Nevertheless, I think that this Restful design may, sometimes, be hard to maintain. Especially if your server should allow its clients to dig into data using several dimensions. Is there any possible convention upon the URL of all 34-years-old female CEOs ?

Maybe http://server.com/people.xml?title=CEO&sex=female&age=34 is not the worse candidate, even if it does not look Restful.

It is, at least, rest-savvy. The SearchAPI plugin, through its ability to define high-level search keys, is able to directly process the parameters of this URL. That’s why it is our contribution to the “restification” of Rails.

Thank you for reading.



Footnotes

1 The bravest of you will define some class methods or constants that will encapsulate that concept. By doing this, they will still have to fight against ActiveRecord when high level features like associations get involved.

2 Testing the plugin requires a host application, in order to setup the test database with test data. SearchAPI has been tested on Rails 1.2.5, 1.2.6 and 2.0.1.

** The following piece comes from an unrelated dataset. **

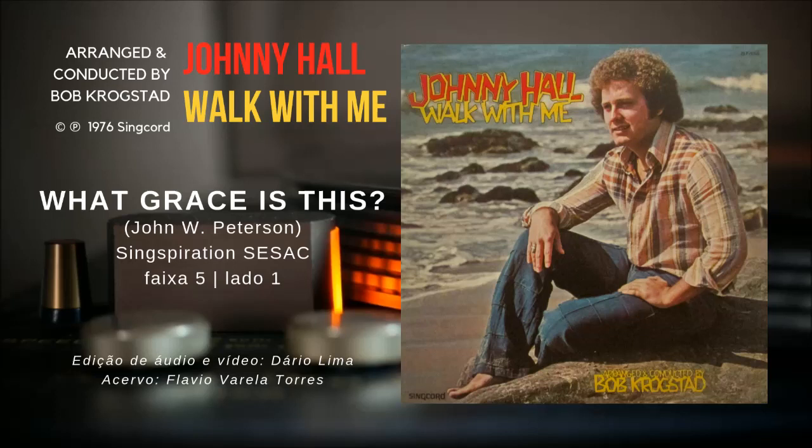And when the death he died, for sinners crucified, what grace is this? What grace is this?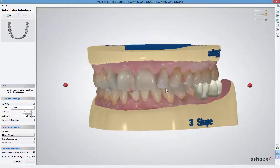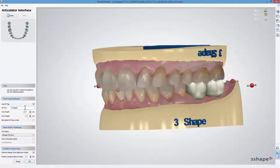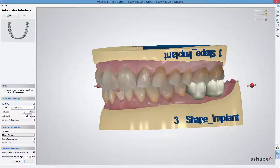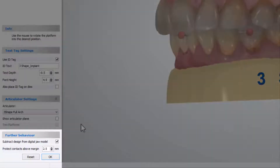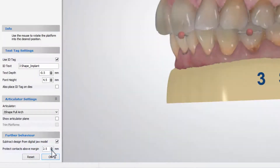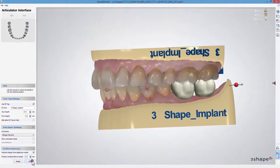At this point, choose whether to use the ID tags on the models, and set the text depth and font height for them. You also have two more options in the Further Behaviour settings. The Subtract Design from Digital Jaw Model checkbox, which is selected by default, cuts an area around the design — the abutment in our case — to make sure it can be extracted from the preparation. Protect Contacts Above Margin is very helpful if you don't want to subtract a design higher than the indicated value above the margin line, for example when you want to protect neighbouring teeth surfaces. Click OK when finished.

3 Well, not quite standard. We’ve added two features, the first because it’s handy, the last because we needed it.

First, the ["sanitize ?", 'this'] syntax is allowed for all parameters, not only :conditions.

We also introduced the :having parameter. The usual practice is to put SQL HAVING conditions in the :group parameter. But since SearchAPI allows you to define several search keys, it’s possible that several groupings, declared independently, are activated at the same time, and will eventually be merged. This merging wouldn’t be possible without splitting the GROUP BY clause from the HAVING conditions. I hope I’ll be able to publish an example test case that will proove the need for that :having key.